Then of course you have the Toronto FC approach of throwing silly money at players still very much in their prime, a Michael Bradley and a Sebastian Giovinco, for example. This is probably the safest strategy, and it does appear as if TFC is beginning to slowly but surely reap the rewards.

Of course, backing up the truck and unloading pallets of money at ‘name’ declining stars will always be an option, and a new club to MLS hoping to turn some heads and sell some tickets will always consider this as a very real option. Orlando signed Kaka, and TFC’s opponents this weekend, New York City FC, has Frank Lampard arriving soon, with David Villa already on their books.

So it will be a battle between two different ideologies at BMO Field this weekend, when Villa and Giovinco lock horns albeit at different ends of the pitch.

The Italian is emerging as perhaps the league’s greatest DP signing to date. So what if it resulted in the under-used Juventus man becoming the highest-paid Italian athlete in the world? The bottom line is he appears to be the real deal, is lighting up the league, and assuming he doesn’t catch “Defoe-itis” and crave a return home (after all, playing at TFC is like playing in a foreign country), he will become the league’s poster boy and its main marketing weapon in its seduction of overseas talent.

Villa of course is a far more traditional DP as noted above, but he is also getting the job done.
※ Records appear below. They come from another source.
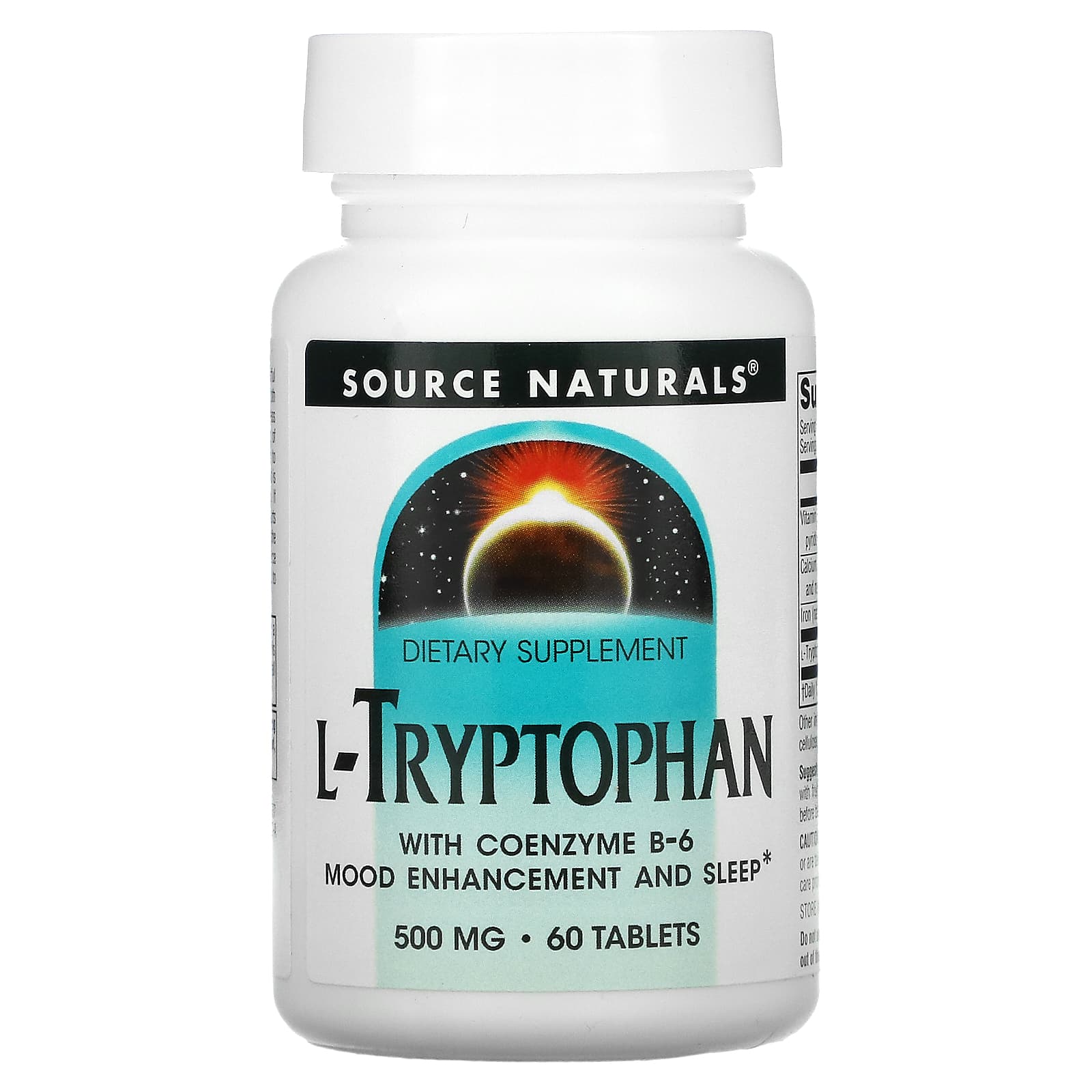 Триптофан коферментной Source Naturals (L-Tryptophan with Coenzyme B-6) 500 мг, 60 таблеток (SNS-01987)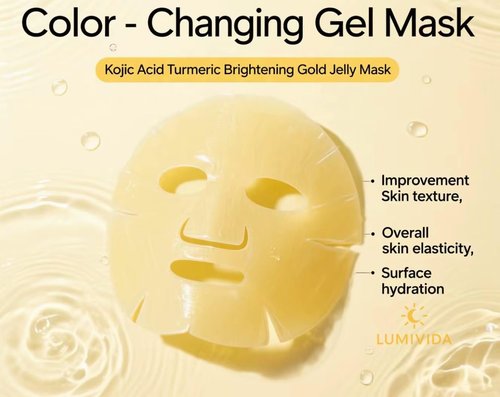 LumiVida Kojic Acid Turmeric Brightening Gel Face Mask | Overnight Firming & Hydrating for Elasticity & Glow | Korean Skincare with Niacinamide, Peptides & Hydrolyzed Collagen | 4 Pack
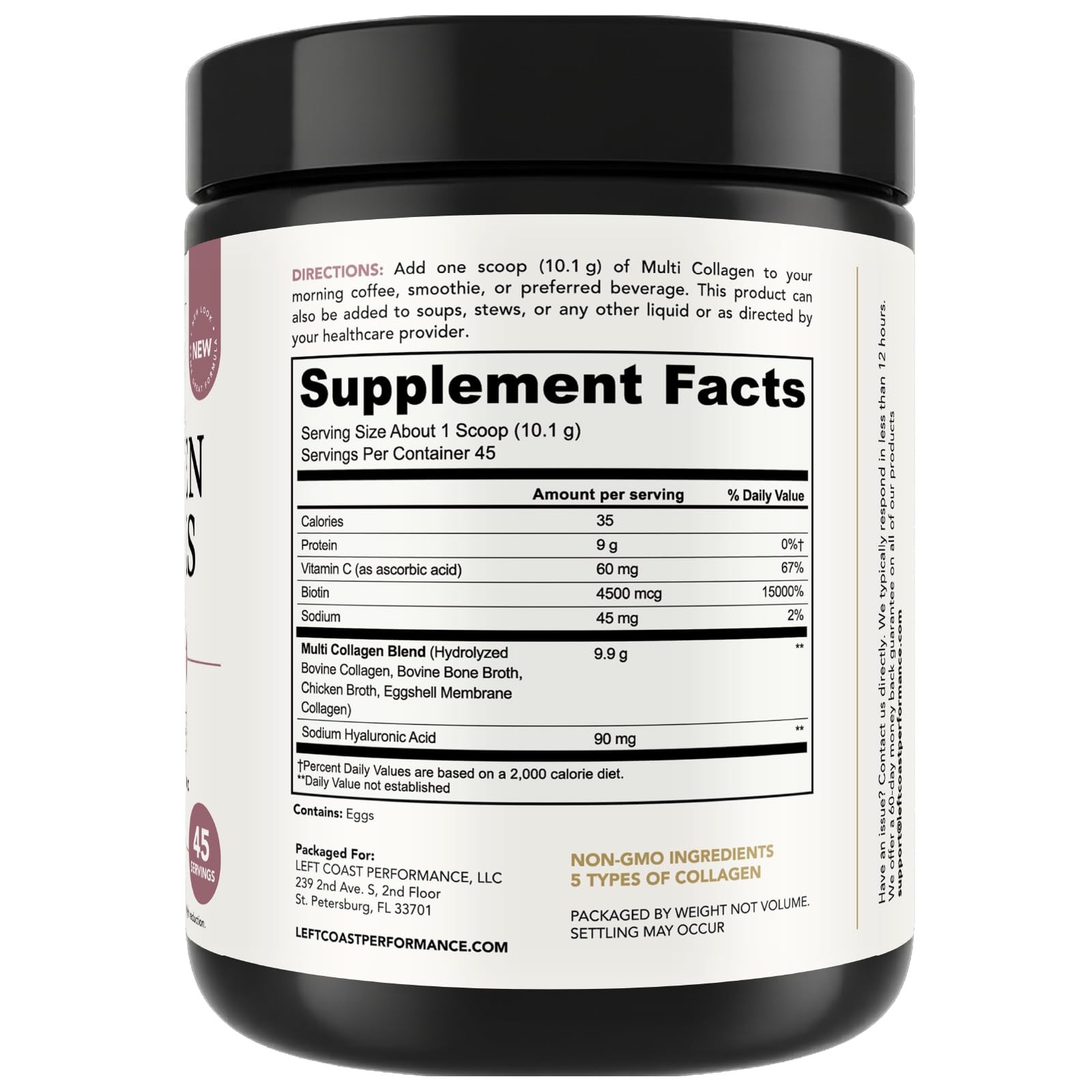 Multi Collagen Peptides Powder Types I, II, III, V, X 1 Pound (Pack of 1)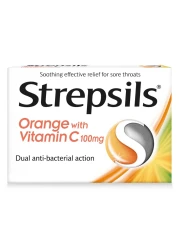 Strepsils Orange with Vitamin C Dual Anti-Bacterial Action Fast Effective Relief from Sore Throats 36 Lozenges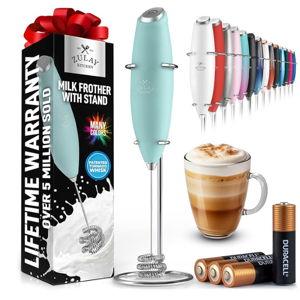 Zulay Kitchen Tornado Whisk Milk Frother with 4 AA Duracell Batteries - Triple Whisk for More Power - Handheld Coffee Frother with Stand - Drink Mixer for Lattes, Matcha & Protein Shakes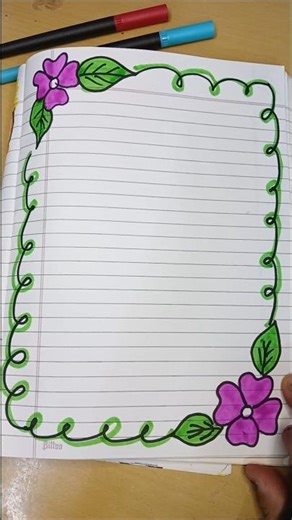 Easy cover page design 💓🌸 #viralvideo #shorts #art #pageforyou #border #pageborderdesign #cover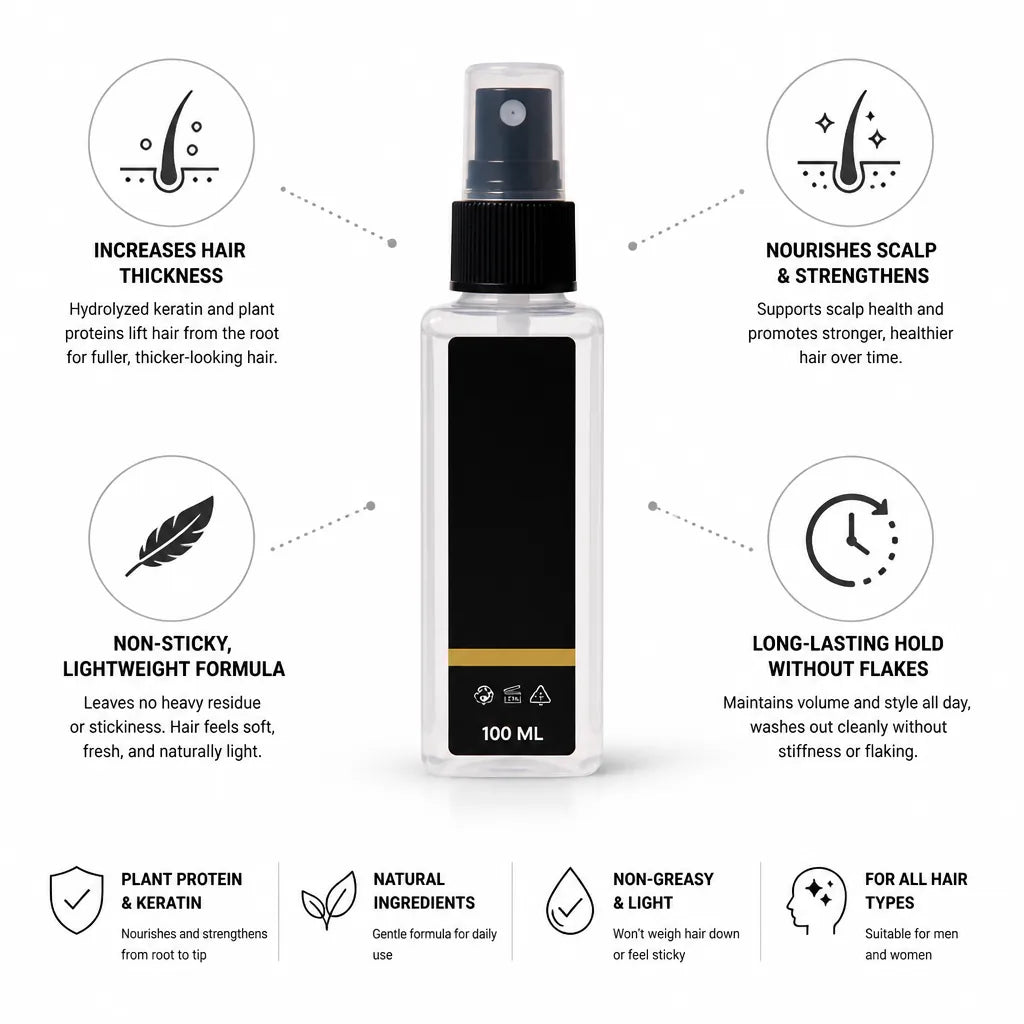 Hair Thickening Spray Plant Protein & Keratin Non-Sticky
Four goals in 12 games may not be considered prolific, but he is providing weekly evidence that he is still a difference-maker at this level, and as soon as he has a player of Lampard’s calibre picking up his runs, his numbers will improve.

Being the top man on a typically unbalanced expansion side is always going to be the challenge for new DPs, and Villa is learning this.

Purists still dislike the mere concept of DPs. But for me, I love the Designated Player, no matter what form he comes in, and I am relishing the prospect of seeing some true class on the field this Saturday at BMO.